A couple of years ago, after a period of much travel to SCA camping events, I retired my tent and built myself a small camping trailer. Since then, I've been much more comfortable at events and my pre- and postevent prep time is reduced because I leave most of my gear in the trailer between events. Set-up and take-down time is also reduced, so I can pull into the site at the usual late hour and have a place to sleep without waking up other campers with all of that pole clanging and stake pounding. Its also nice to be able to lock up most of my gear when I'm out fighting etc., a increasingly more important concern at larger events.I'm pretty well satisfied with the convenience of this type of camping, but I have given some thought to the impact that we RV types are having on the SCA culture. We are still in the minority, although the few comments that I've had from tent campers have been more like good-natured ribbing about my luxurious lifestyle ;). My rule of thumb for minimizing impact on the period feel of the site has been to hide myself among the vehicles out in the parking lot. Unfortunately, most event autocrats don't seem to give much thought to RV's and the parking areas are pretty far away from the field, especially when you're carrying armor. For some of the less accessible sites, I'm currently planning on putting up some of those reed screens and concealing my trailer down among the tents. I'm working on the same 'out of sight out of mind' theory that people use for plastic armor, ice chests etc. I think that this should be acceptable for any area except the Enchanted Ground's. Anybody want to throw in an opinion? I welcome your comments or criticisms. Breanainn O' Coinghiollain (DISCREET RV heretic)

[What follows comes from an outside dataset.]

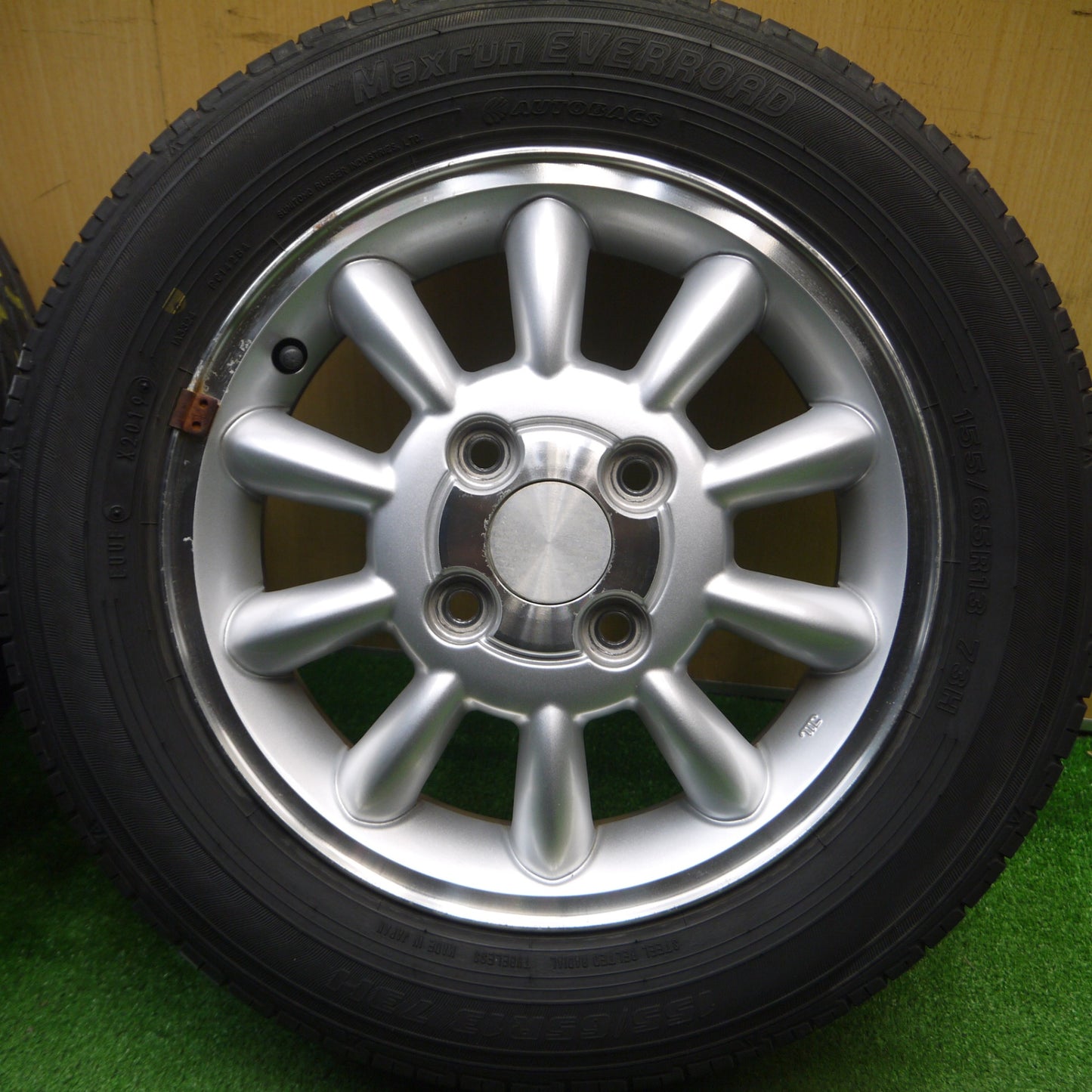 [送料無料] 4本価格★スズキ ラパン 純正 155/65R13 オートバックス Maxrun EVERROAD 13インチ PCD100/4H★5011402Hノ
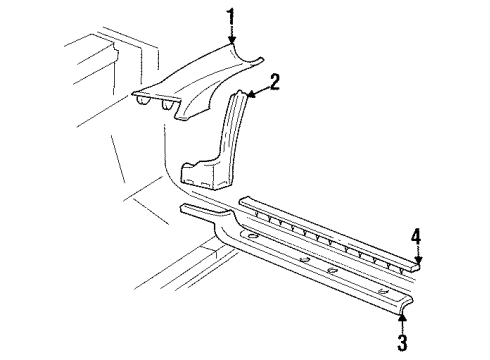 1995 Buick Riviera Interior Trim - Pillars, Rocker & Floor MOLDING, Windshield Garnish Molding Diagram for 25634965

Our Baron and Baroness have purchased a small camping trailer to take to camping events and such.They have painted the outside to resemble the walls of a stone castle, added detachable crenellations to the top as well as fold out pieces in front and back to hide the trailer hitch (and as a side effect provide some shade to the ends of the trailer). The windows have been "leaded" with paint, and the whole thing looks wonderful! If you go to Pennsic, locate the Barony of Thescorre (look for the three ravens) and ask to see Devon and Daedra's castle. It's delightful. The only problem they have now is that our annual camping event in July is held on the other side of a gorge in a State Park and there is no way to get the trailer in there (you either haul your stuff over the footbridge or you take a chance with your shocks and undercarriage by using the access road - which, if it's wet, could be hazardous for even a 4-wheel drive vehicle). So, a little imagination and some well-applied paint may help you to "disguise" your trailer. Devon and Daedra say it was worth the effort just to see the looks on the faces of other drivers as they cruise the interstate with it behind them!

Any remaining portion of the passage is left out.